Your answer must be the full listing, repeated word for word.

★ ★ ★ ★ ★ ★ ★

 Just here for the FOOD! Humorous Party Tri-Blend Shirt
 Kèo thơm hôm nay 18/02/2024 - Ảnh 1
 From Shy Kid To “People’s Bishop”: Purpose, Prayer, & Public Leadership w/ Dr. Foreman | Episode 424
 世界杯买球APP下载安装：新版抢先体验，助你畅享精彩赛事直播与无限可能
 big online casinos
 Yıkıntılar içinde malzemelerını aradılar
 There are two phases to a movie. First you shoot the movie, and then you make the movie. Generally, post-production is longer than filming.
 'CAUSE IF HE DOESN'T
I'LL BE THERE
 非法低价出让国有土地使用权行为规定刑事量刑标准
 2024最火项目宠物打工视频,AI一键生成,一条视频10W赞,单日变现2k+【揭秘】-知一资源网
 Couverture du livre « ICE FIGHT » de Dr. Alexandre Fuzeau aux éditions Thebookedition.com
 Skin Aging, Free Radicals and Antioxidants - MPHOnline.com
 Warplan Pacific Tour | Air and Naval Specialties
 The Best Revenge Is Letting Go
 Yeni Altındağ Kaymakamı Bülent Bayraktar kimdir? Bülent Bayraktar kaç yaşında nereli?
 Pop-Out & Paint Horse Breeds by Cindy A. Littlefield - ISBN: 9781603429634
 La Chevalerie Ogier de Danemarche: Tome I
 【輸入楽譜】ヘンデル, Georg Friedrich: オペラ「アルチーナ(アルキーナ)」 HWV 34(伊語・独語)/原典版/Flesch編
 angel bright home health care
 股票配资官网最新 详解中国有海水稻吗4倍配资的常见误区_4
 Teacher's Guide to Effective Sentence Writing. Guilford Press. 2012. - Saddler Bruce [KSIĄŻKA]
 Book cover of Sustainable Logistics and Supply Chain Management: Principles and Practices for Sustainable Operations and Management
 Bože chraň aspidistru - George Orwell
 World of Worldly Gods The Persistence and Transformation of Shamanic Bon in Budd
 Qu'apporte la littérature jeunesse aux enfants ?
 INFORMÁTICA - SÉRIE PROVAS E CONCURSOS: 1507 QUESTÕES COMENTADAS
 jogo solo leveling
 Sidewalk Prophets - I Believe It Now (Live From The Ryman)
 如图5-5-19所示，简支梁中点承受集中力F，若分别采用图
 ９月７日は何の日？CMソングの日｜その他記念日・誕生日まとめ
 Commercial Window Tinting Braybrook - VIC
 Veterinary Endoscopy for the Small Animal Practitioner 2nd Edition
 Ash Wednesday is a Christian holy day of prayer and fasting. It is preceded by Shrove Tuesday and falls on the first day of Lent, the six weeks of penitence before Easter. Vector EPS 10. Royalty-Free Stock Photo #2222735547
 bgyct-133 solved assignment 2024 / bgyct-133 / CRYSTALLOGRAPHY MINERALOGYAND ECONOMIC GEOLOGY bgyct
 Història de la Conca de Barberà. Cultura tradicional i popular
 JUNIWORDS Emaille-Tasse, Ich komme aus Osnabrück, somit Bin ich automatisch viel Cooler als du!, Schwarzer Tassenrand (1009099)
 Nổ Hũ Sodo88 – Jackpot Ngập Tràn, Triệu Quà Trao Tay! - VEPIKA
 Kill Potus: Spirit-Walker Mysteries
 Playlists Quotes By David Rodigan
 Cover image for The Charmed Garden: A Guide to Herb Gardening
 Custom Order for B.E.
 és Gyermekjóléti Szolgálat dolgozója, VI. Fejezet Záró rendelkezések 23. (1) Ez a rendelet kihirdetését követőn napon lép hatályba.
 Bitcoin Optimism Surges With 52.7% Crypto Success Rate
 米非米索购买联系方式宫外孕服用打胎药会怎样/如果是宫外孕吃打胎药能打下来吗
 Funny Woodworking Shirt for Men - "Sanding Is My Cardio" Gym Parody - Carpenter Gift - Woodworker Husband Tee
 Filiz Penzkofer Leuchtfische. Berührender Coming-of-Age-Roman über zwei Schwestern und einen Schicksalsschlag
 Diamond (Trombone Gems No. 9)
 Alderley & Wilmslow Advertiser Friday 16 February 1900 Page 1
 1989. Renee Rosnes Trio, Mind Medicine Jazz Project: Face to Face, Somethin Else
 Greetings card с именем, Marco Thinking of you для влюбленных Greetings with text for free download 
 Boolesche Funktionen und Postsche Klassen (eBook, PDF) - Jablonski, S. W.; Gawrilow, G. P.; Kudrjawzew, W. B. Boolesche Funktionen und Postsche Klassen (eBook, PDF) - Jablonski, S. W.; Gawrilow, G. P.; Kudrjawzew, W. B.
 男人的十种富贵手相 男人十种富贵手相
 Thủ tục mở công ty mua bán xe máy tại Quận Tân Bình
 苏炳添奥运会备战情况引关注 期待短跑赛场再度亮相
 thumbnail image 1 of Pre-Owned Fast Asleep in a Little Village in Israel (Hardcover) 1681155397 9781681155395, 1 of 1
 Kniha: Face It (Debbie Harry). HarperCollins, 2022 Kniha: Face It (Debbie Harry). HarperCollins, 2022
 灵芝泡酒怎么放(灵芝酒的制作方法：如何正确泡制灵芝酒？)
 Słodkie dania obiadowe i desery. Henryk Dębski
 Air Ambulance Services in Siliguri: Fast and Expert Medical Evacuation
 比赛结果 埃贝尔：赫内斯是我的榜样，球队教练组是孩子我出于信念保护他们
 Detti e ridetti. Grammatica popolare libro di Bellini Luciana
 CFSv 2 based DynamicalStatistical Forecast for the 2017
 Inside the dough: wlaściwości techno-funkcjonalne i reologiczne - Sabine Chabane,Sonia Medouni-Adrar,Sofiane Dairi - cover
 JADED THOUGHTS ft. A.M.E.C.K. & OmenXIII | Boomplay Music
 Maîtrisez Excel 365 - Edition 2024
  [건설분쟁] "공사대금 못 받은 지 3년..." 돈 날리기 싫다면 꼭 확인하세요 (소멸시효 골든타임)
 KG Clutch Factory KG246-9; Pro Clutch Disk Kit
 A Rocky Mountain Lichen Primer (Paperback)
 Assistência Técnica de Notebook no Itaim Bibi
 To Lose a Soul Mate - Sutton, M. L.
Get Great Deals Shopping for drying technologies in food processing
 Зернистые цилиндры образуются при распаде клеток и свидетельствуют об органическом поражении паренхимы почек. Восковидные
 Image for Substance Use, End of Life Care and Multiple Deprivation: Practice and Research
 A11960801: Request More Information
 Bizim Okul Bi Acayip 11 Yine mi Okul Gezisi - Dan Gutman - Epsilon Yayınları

★ ★ ★ ★ ★ ★ ★

- **Task response**:
 Just here for the FOOD! Humorous Party Tri-Blend Shirt
 Kèo thơm hôm nay 18/02/2024 - Ảnh 1
 From Shy Kid To “People’s Bishop”: Purpose, Prayer, & Public Leadership w/ Dr. Foreman | Episode 424
 世界杯买球APP下载安装：新版抢先体验，助你畅享精彩赛事直播与无限可能
 big online casinos
 Yıkıntılar içinde malzemelerını aradılar
 There are two phases to a movie. First you shoot the movie, and then you make the movie. Generally, post-production is longer than filming.
 'CAUSE IF HE DOESN'T
I'LL BE THERE
 非法低价出让国有土地使用权行为规定刑事量刑标准
 2024最火项目宠物打工视频,AI一键生成,一条视频10W赞,单日变现2k+【揭秘】-知一资源网
 Couverture du livre « ICE FIGHT » de Dr. Alexandre Fuzeau aux éditions Thebookedition.com
 Skin Aging, Free Radicals and Antioxidants - MPHOnline.com
 Warplan Pacific Tour | Air and Naval Specialties
 The Best Revenge Is Letting Go
 Yeni Altındağ Kaymakamı Bülent Bayraktar kimdir? Bülent Bayraktar kaç yaşında nereli?
 Pop-Out & Paint Horse Breeds by Cindy A. Littlefield - ISBN: 9781603429634
 La Chevalerie Ogier de Danemarche: Tome I
 【輸入楽譜】ヘンデル, Georg Friedrich: オペラ「アルチーナ(アルキーナ)」 HWV 34(伊語・独語)/原典版/Flesch編
 angel bright home health care
 股票配资官网最新 详解中国有海水稻吗4倍配资的常见误区_4
 Teacher's Guide to Effective Sentence Writing. Guilford Press. 2012. - Saddler Bruce [KSIĄŻKA]
 Book cover of Sustainable Logistics and Supply Chain Management: Principles and Practices for Sustainable Operations and Management
 Bože chraň aspidistru - George Orwell
 World of Worldly Gods The Persistence and Transformation of Shamanic Bon in Budd
 Qu'apporte la littérature jeunesse aux enfants ?
 INFORMÁTICA - SÉRIE PROVAS E CONCURSOS: 1507 QUESTÕES COMENTADAS
 jogo solo leveling
 Sidewalk Prophets - I Believe It Now (Live From The Ryman)
 如图5-5-19所示，简支梁中点承受集中力F，若分别采用图
 ９月７日は何の日？CMソングの日｜その他記念日・誕生日まとめ
 Commercial Window Tinting Braybrook - VIC
 Veterinary Endoscopy for the Small Animal Practitioner 2nd Edition
 Ash Wednesday is a Christian holy day of prayer and fasting. It is preceded by Shrove Tuesday and falls on the first day of Lent, the six weeks of penitence before Easter. Vector EPS 10. Royalty-Free Stock Photo #2222735547
 bgyct-133 solved assignment 2024 / bgyct-133 / CRYSTALLOGRAPHY MINERALOGYAND ECONOMIC GEOLOGY bgyct
 Història de la Conca de Barberà. Cultura tradicional i popular
 JUNIWORDS Emaille-Tasse, Ich komme aus Osnabrück, somit Bin ich automatisch viel Cooler als du!, Schwarzer Tassenrand (1009099)
 Nổ Hũ Sodo88 – Jackpot Ngập Tràn, Triệu Quà Trao Tay! - VEPIKA
 Kill Potus: Spirit-Walker Mysteries
 Playlists Quotes By David Rodigan
 Cover image for The Charmed Garden: A Guide to Herb Gardening
 Custom Order for B.E.
 és Gyermekjóléti Szolgálat dolgozója, VI. Fejezet Záró rendelkezések 23. (1) Ez a rendelet kihirdetését követőn napon lép hatályba.
 Bitcoin Optimism Surges With 52.7% Crypto Success Rate
 米非米索购买联系方式宫外孕服用打胎药会怎样/如果是宫外孕吃打胎药能打下来吗
 Funny Woodworking Shirt for Men - "Sanding Is My Cardio" Gym Parody - Carpenter Gift - Woodworker Husband Tee
 Filiz Penzkofer Leuchtfische. Berührender Coming-of-Age-Roman über zwei Schwestern und einen Schicksalsschlag
 Diamond (Trombone Gems No. 9)
 Alderley & Wilmslow Advertiser Friday 16 February 1900 Page 1
 1989. Renee Rosnes Trio, Mind Medicine Jazz Project: Face to Face, Somethin Else
 Greetings card с именем, Marco Thinking of you для влюбленных Greetings with text for free download 
 Boolesche Funktionen und Postsche Klassen (eBook, PDF) - Jablonski, S. W.; Gawrilow, G. P.; Kudrjawzew, W. B. Boolesche Funktionen und Postsche Klassen (eBook, PDF) - Jablonski, S. W.; Gawrilow, G. P.; Kudrjawzew, W. B.
 男人的十种富贵手相 男人十种富贵手相
 Thủ tục mở công ty mua bán xe máy tại Quận Tân Bình
 苏炳添奥运会备战情况引关注 期待短跑赛场再度亮相
 thumbnail image 1 of Pre-Owned Fast Asleep in a Little Village in Israel (Hardcover) 1681155397 9781681155395, 1 of 1
 Kniha: Face It (Debbie Harry). HarperCollins, 2022 Kniha: Face It (Debbie Harry). HarperCollins, 2022
 灵芝泡酒怎么放(灵芝酒的制作方法：如何正确泡制灵芝酒？)
 Słodkie dania obiadowe i desery. Henryk Dębski
 Air Ambulance Services in Siliguri: Fast and Expert Medical Evacuation
 比赛结果 埃贝尔：赫内斯是我的榜样，球队教练组是孩子我出于信念保护他们
 Detti e ridetti. Grammatica popolare libro di Bellini Luciana
 CFSv 2 based DynamicalStatistical Forecast for the 2017
 Inside the dough: wlaściwości techno-funkcjonalne i reologiczne - Sabine Chabane,Sonia Medouni-Adrar,Sofiane Dairi - cover
 JADED THOUGHTS ft. A.M.E.C.K. & OmenXIII | Boomplay Music
 Maîtrisez Excel 365 - Edition 2024
  [건설분쟁] "공사대금 못 받은 지 3년..." 돈 날리기 싫다면 꼭 확인하세요 (소멸시효 골든타임)
 KG Clutch Factory KG246-9; Pro Clutch Disk Kit
 A Rocky Mountain Lichen Primer (Paperback)
 Assistência Técnica de Notebook no Itaim Bibi
 To Lose a Soul Mate - Sutton, M. L.
Get Great Deals Shopping for drying technologies in food processing
 Зернистые цилиндры образуются при распаде клеток и свидетельствуют об органическом поражении паренхимы почек. Восковидные
 Image for Substance Use, End of Life Care and Multiple Deprivation: Practice and Research
 A11960801: Request More Information
 Bizim Okul Bi Acayip 11 Yine mi Okul Gezisi - Dan Gutman - Epsilon Yayınları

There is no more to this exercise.